EXERCISE GOAL: Should pictures appear among the records, leave them out, and copy exactly only the lines from the first through the one with "Fluffing rice with", inclusive.

Brief descriptive captions
☆ ☆ ☆ ☆ ☆ ☆ ☆
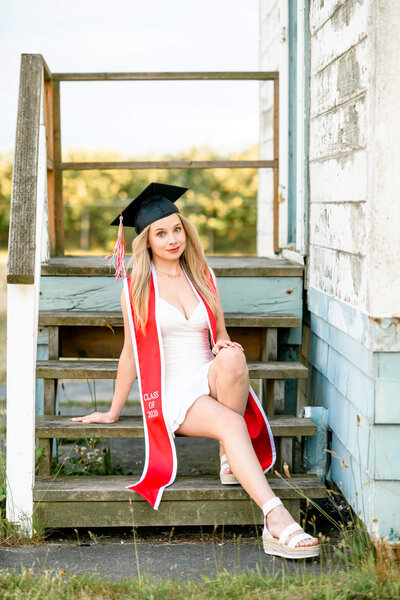 A high school senior sits on a set of wood stairs in a white dress and her cap and stole
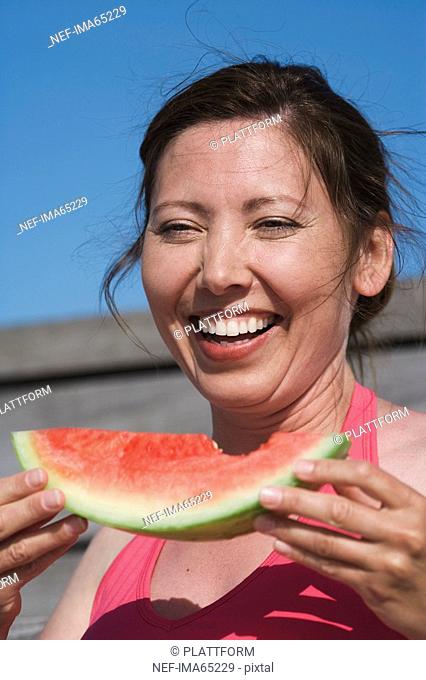 A woman eating a water melon Sweden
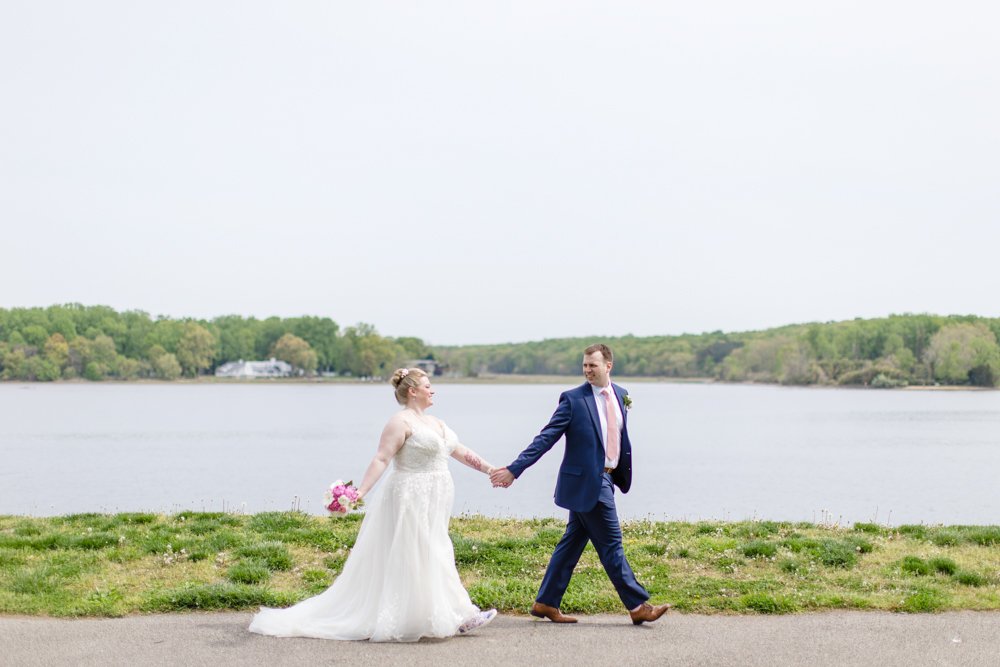 Wedding couple walking while holding hands in front of Belmont Bay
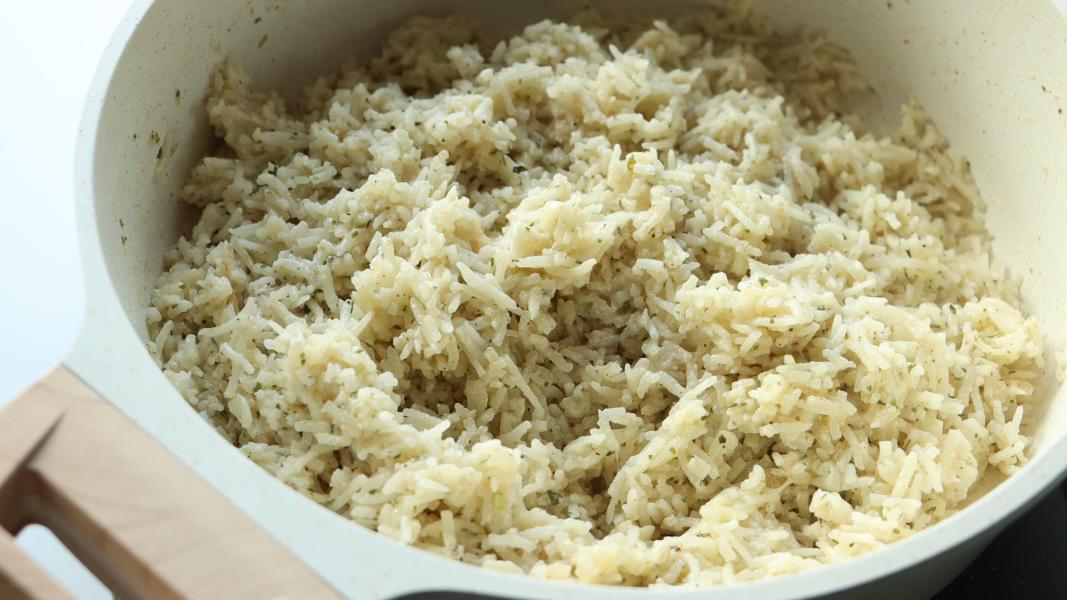 Fluffing rice with a fork when it is still hot.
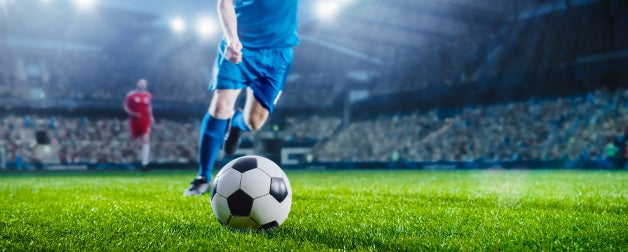 Soccer player runs towards the ball on grass field of a stadium, backdropped by lights and a seats full of cheering fans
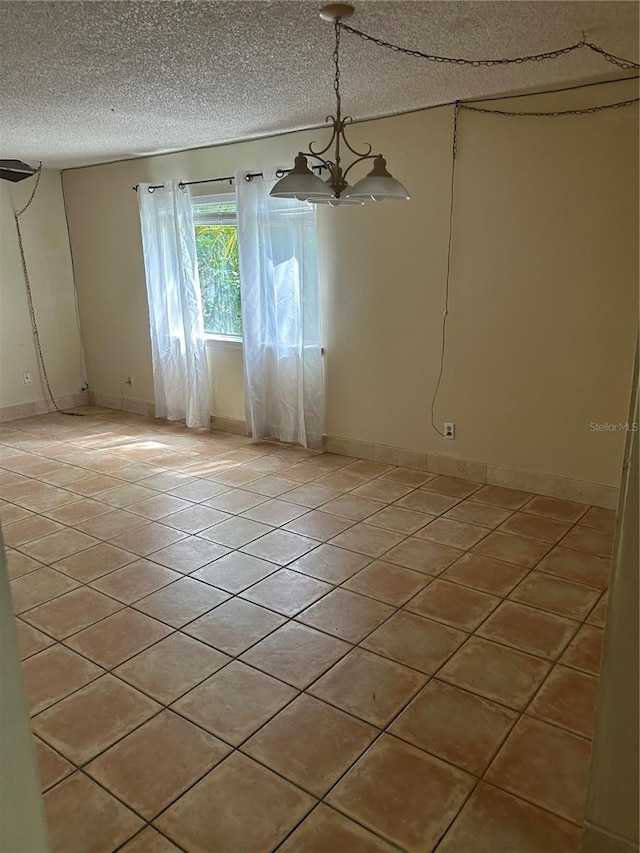 unfurnished room featuring a chandelier and a textured ceiling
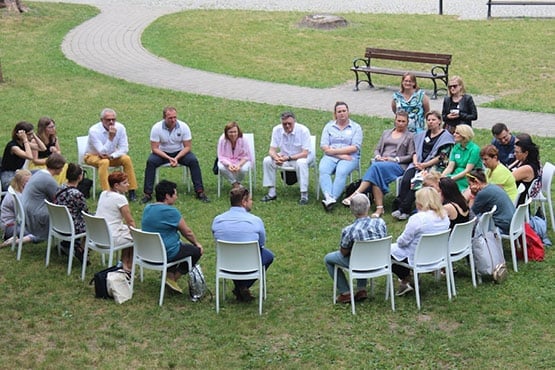 A large group of people seated in a circle of chairs outdoors, engaged in discussion.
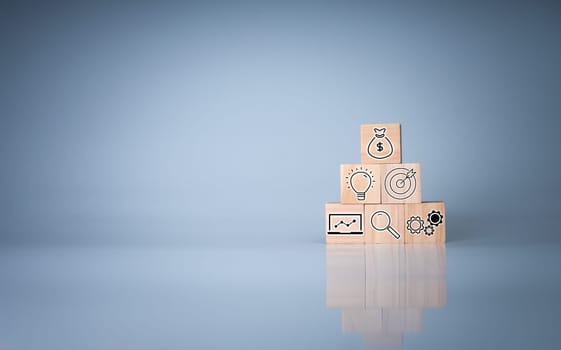 Wood cube block stacking with icon.Concept of business strategy and goal action plan.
☆ ☆ ☆ ☆ ☆ ☆ ☆
EXERCISE SOLUTION:
 A high school senior sits on a set of wood stairs in a white dress and her cap and stole
 A woman eating a water melon Sweden
 Wedding couple walking while holding hands in front of Belmont Bay
 Fluffing rice with a fork when it is still hot.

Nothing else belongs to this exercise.